There are two areas for improvement: a) identify queries with bad estimates in the plan instead of just long running queries b) actual conditions are hard to parse out of the query text

One idea to improve both could be to parse query plans instead of sql statements. This way, one could compare "Plan Rows" with "Actual Rows" of the individual nodes and identify places with bad estimates that could benefit from (extended) statistics. Further, that would allow to parse the affected tables and columns more easily by referring to "Relation Name" and "Filter" or "Index Cond" attributes which are already pre-parsed and normalised (ref. issue #1). The query plans can be retrieved in JSON format which further eases parsing. Just experiment with EXPLAIN (ANALYZE, FORMAT JSON) <your test query> to see what I mean.
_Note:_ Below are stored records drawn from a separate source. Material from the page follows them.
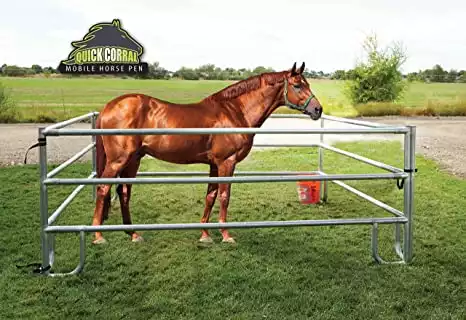 JW6 Fence Quick Corral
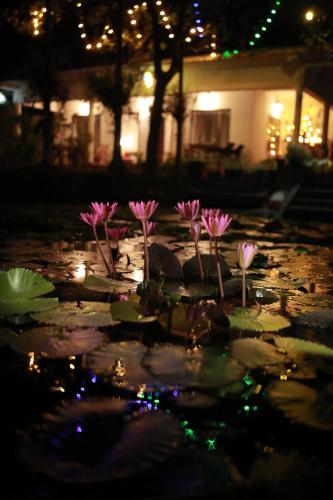 Jardín al aire libre en Marari Ebin Charlys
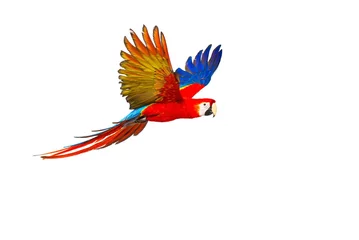 Foto op Plexiglas Kleurrijke vliegende papegaai geïsoleerd op wit © Nejron Photo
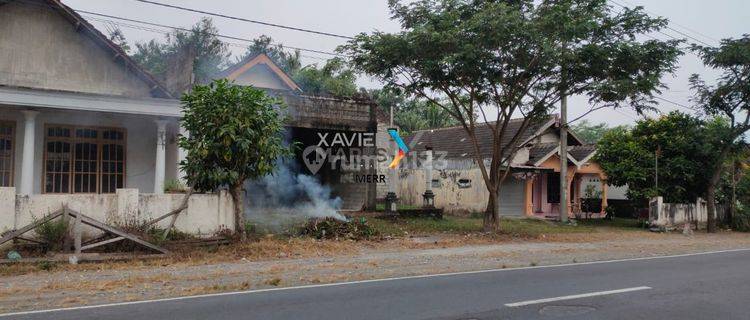 Dijual Tanah Blitar Nol Jalan Propinsi Kediri 1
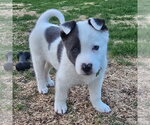 Small Mutt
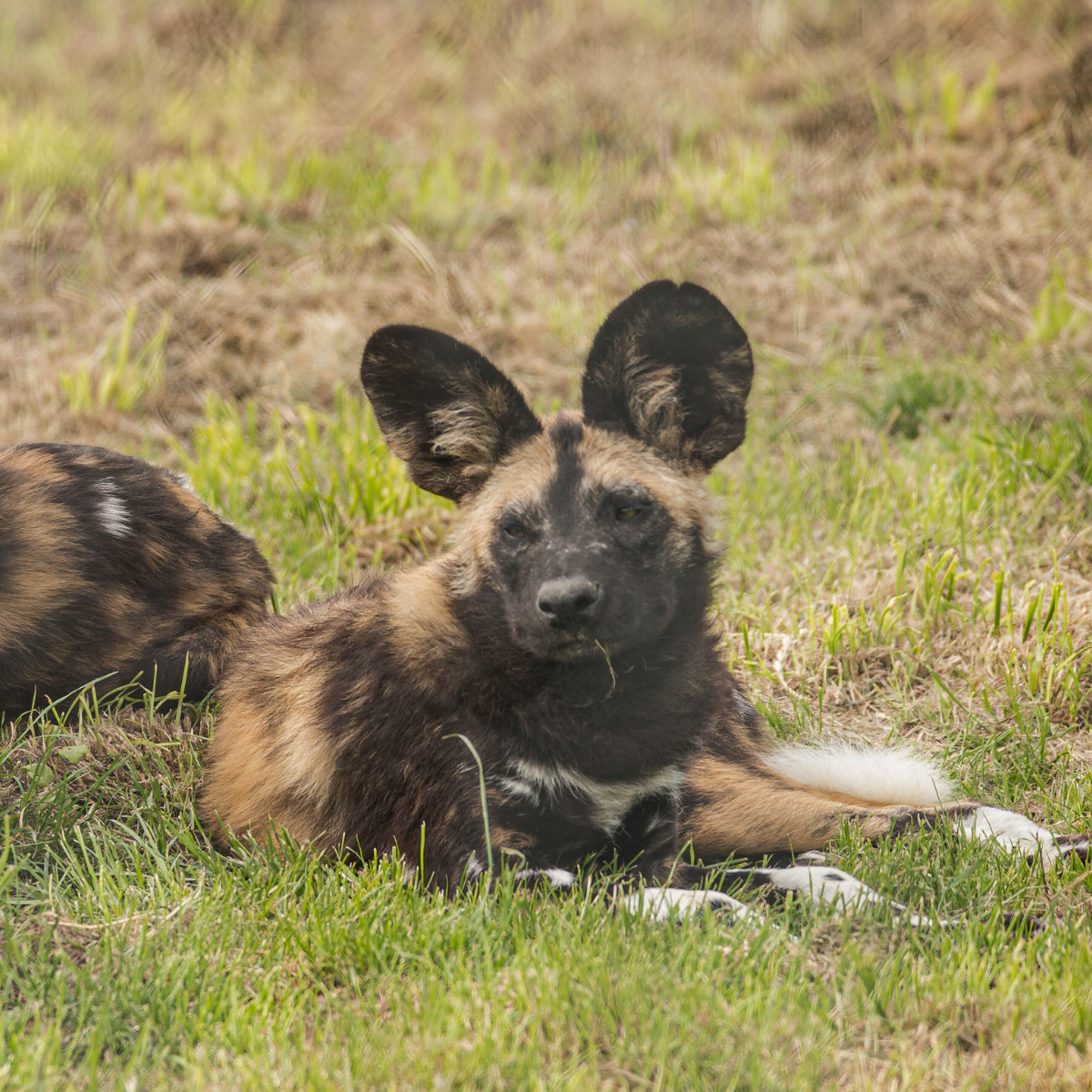Adopt an African Painted Dog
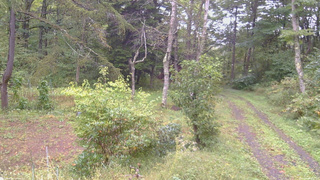 長野県菅平高原 ゆたか山荘 坂上 2026/09/26 10:30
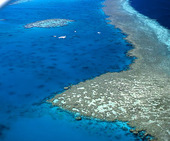 Stora Barriärrevet, Australien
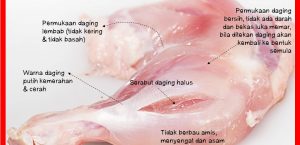 AYO……CERDAS MEMILIH DAGING YANG ASUH [Aman, Sehat, Utuh dan Halal]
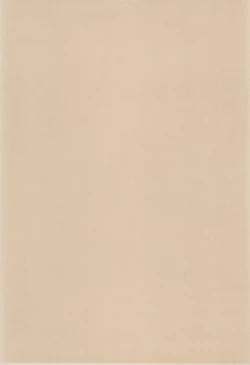 Page 45 of Mamoru-kun to Watashi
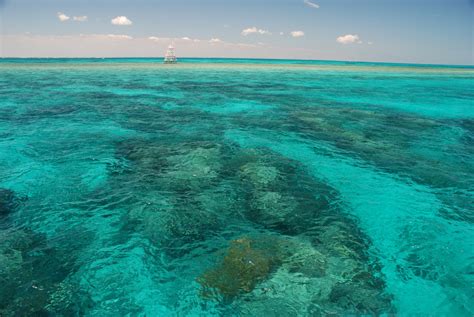 Miami Daycation: Exploring John Pennekamp Coral Reef State Park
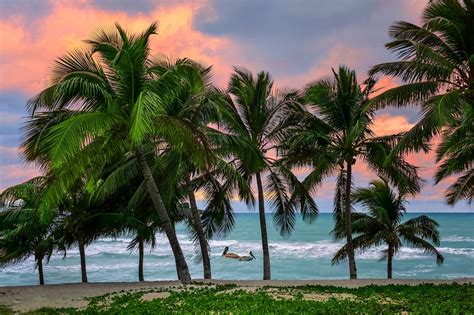 Wallpaper Landscape Sunset Sea Bay Nature Sand Beach Coast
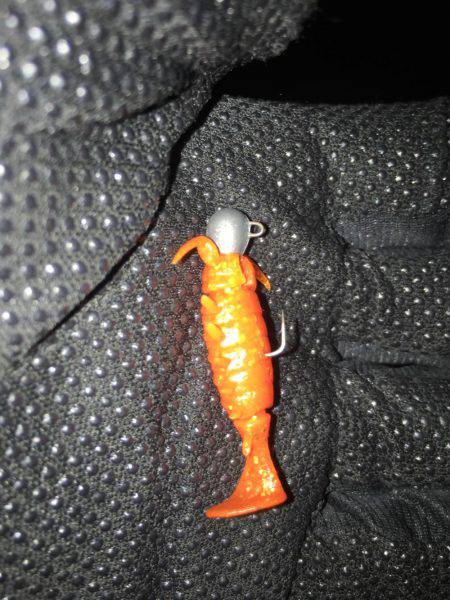 アジングタックルでチニング年なし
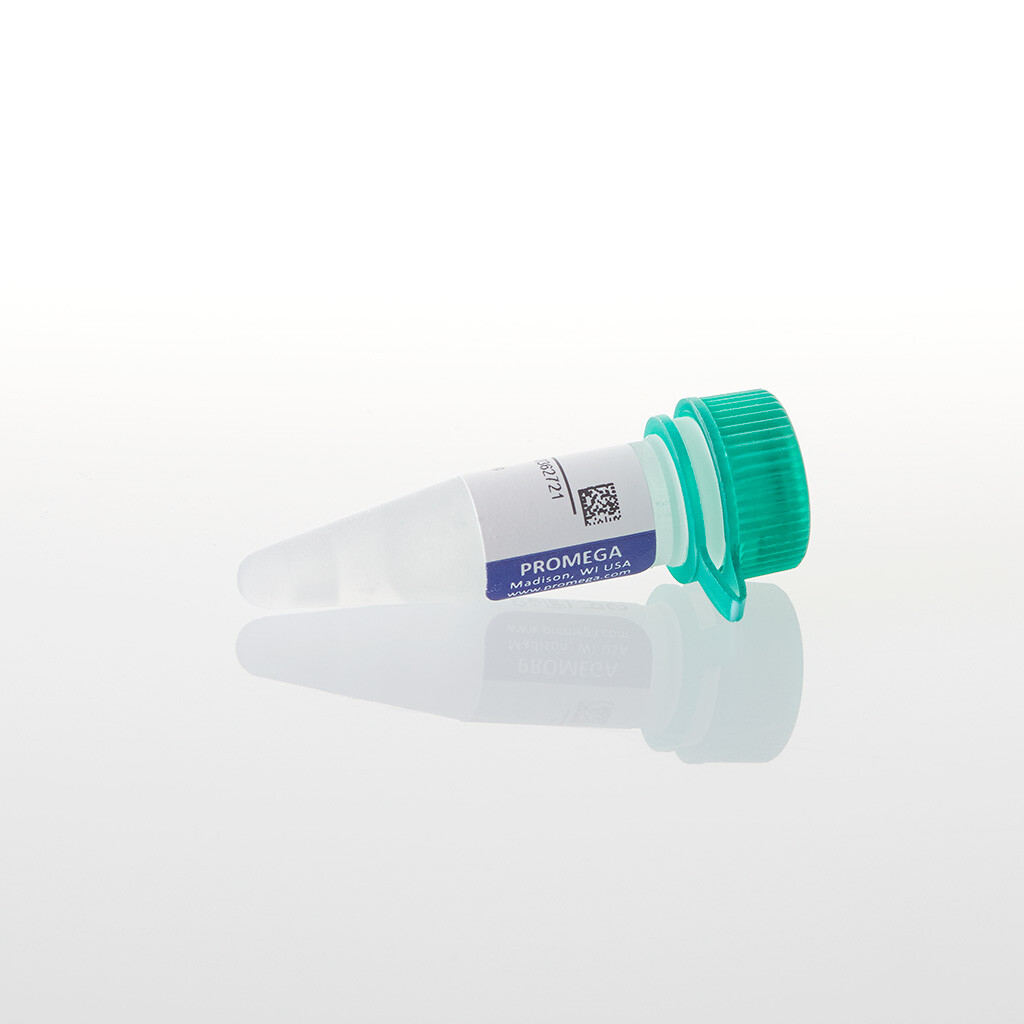 SP6 Promoter Primer 2 µg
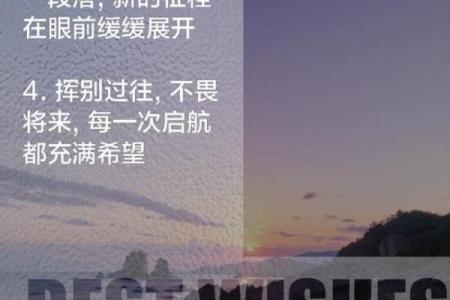 孤苦无依的命运：在孤独中探寻自我和希望的旅程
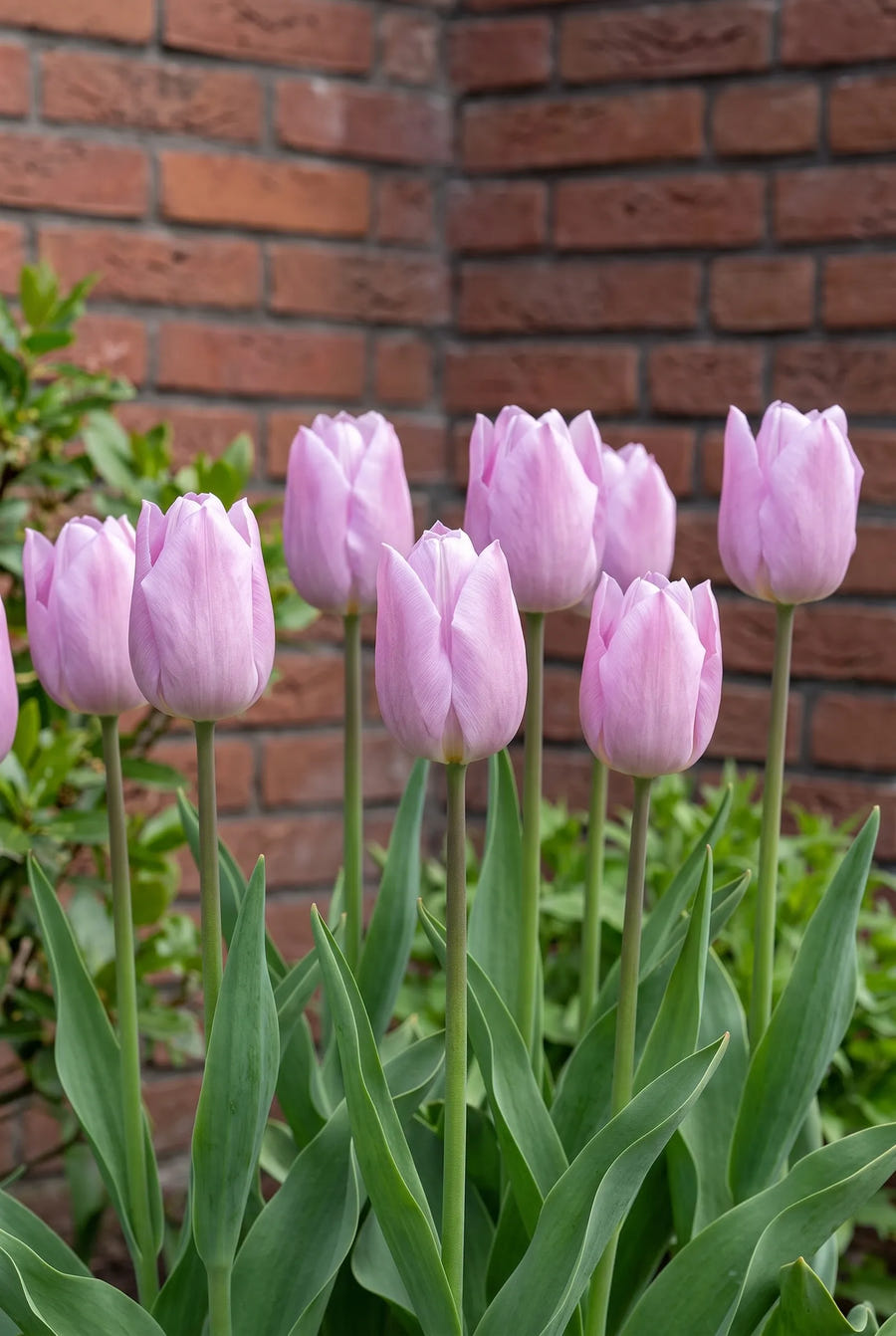 Tulipa Candy Prince — groep in de tuinborder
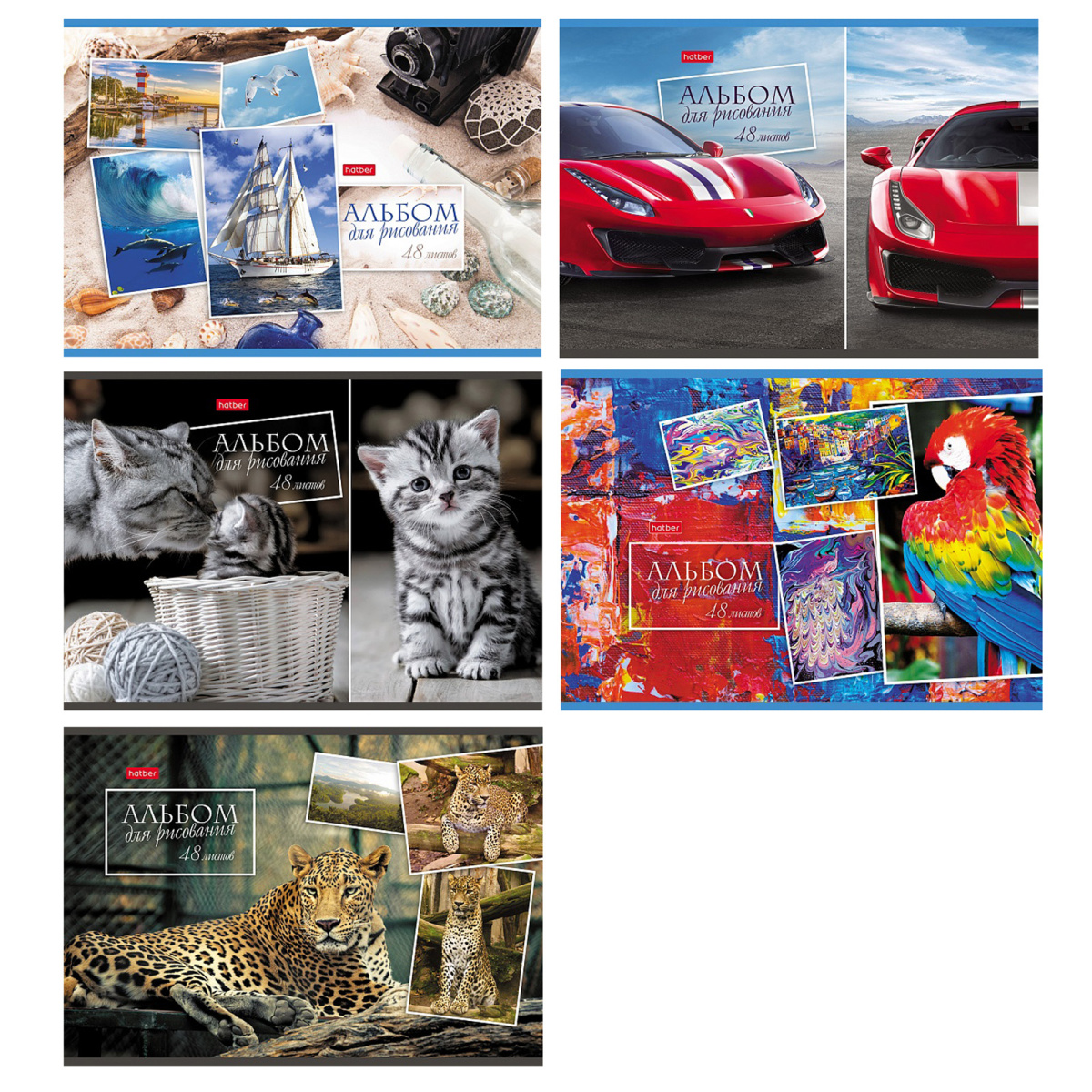 Альбом для рисования 48л спираль жесткая подложка Ассорти 48А4Всп | Магазин канцтоваров и игрушек Львёнок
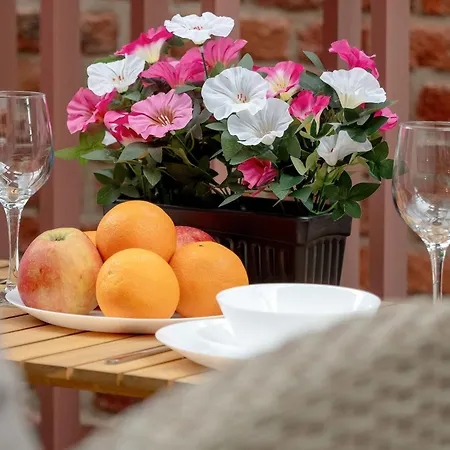 Charming Pet-friendly With Terrace By Renters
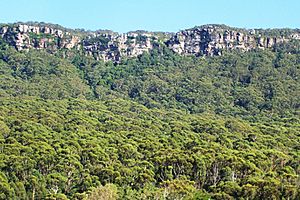 Illawarra Escarpment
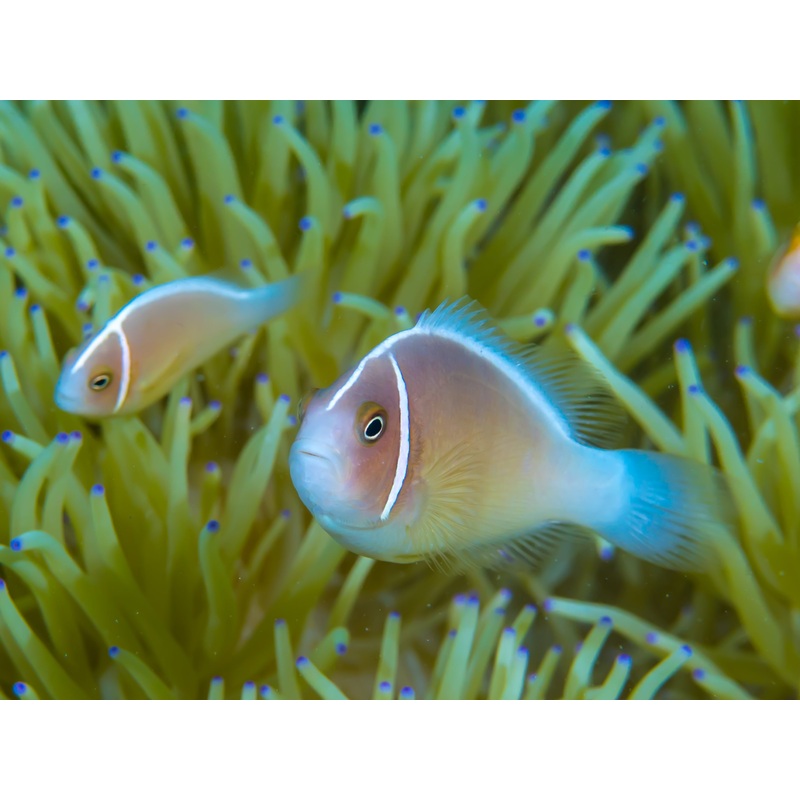 Clownfish - Pink Skunk (Amphiprion perideraion)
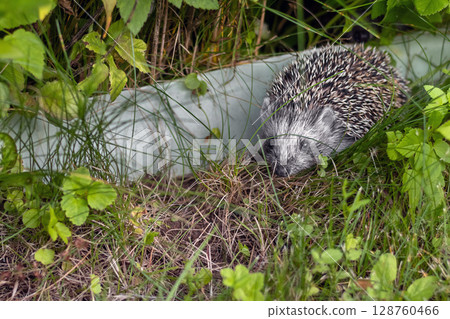 Little hedgehog peeks out from grass in garden Little hedgehog peeks out from grass in garden 128760466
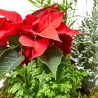 COMPOSICIÓN PLANTAS NATURALES NAVIDAD LATÓN BLANCO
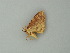  ( - BC ZSM Lep 20491)  @12 [ ] CreativeCommons - Attribution Non-Commercial Share-Alike (2012) Axel Hausmann/Bavarian State Collection of Zoology (ZSM) SNSB, Zoologische Staatssammlung Muenchen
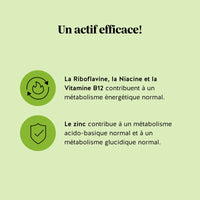 Visuel des bienfaits des gummies Matcha Métabolisme & Énergie avec vitamines B, niacine et zinc pour le métabolisme énergétique. l Bears with Benefits
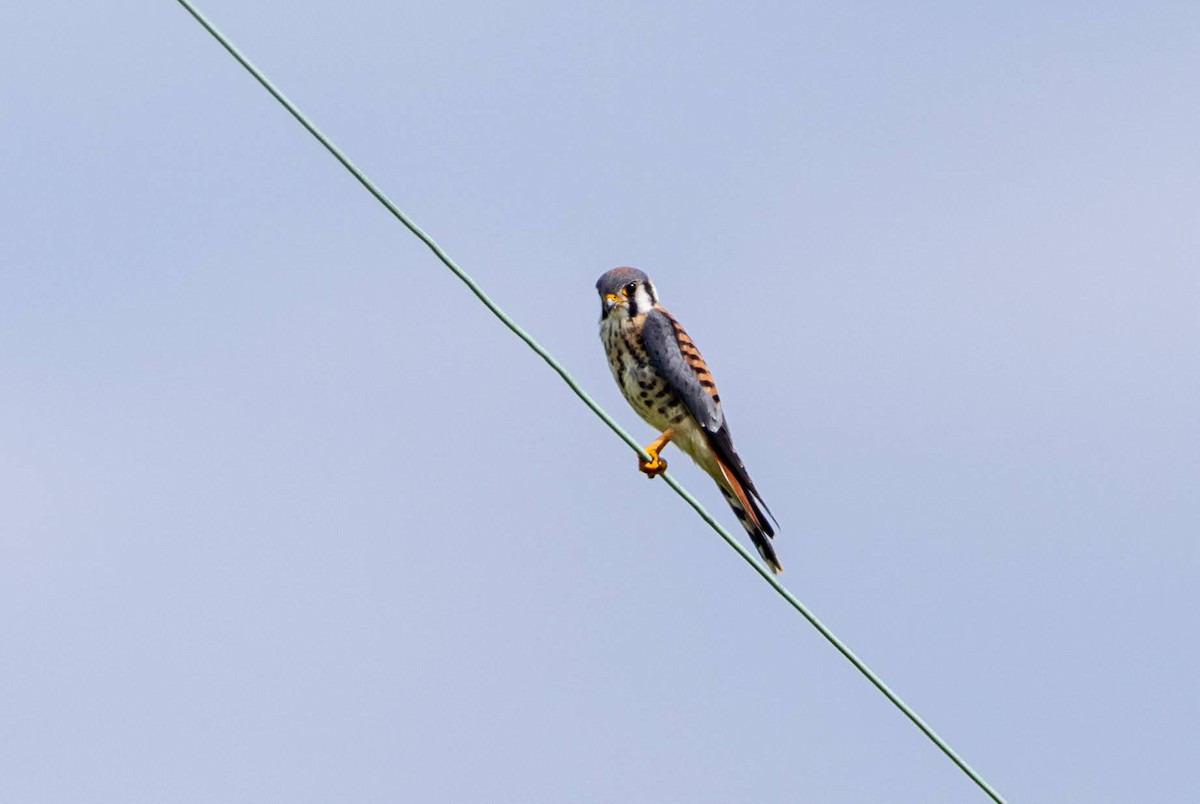 American Kestrel - ML638322809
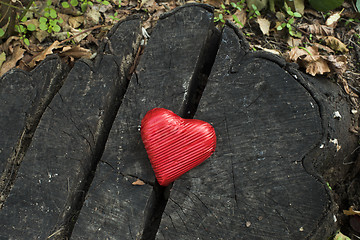 Image showing Red wrapped heart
Unfortunately, it's not really easy to automagically access the query plans that were used in runtime - they are not even stable per query. But there are ways:

The auto_explain extension allows to write the plans to the log during execution if the match certain conditions.
Then configure log_destination to csvlog and use file_fdw to access the logfile at runtime.

You can even match the plan to a row in the pg_stat_statements view using it's query_id. In PostgreSQL 14 when activating the compute_query_id GUC or in earlier versions using an extension like pg_logqueryid.

Going further - or another way, it might be possible to parse the query (even with it's placeholders) with libpg_query (or one of it's wrappers like pglast or psqlparse)

Unfortunately, this requires a lot more extensions and configuration and is therefore not as 'cloud-friendly' like the current approach of just reading the pg_stat_statements view.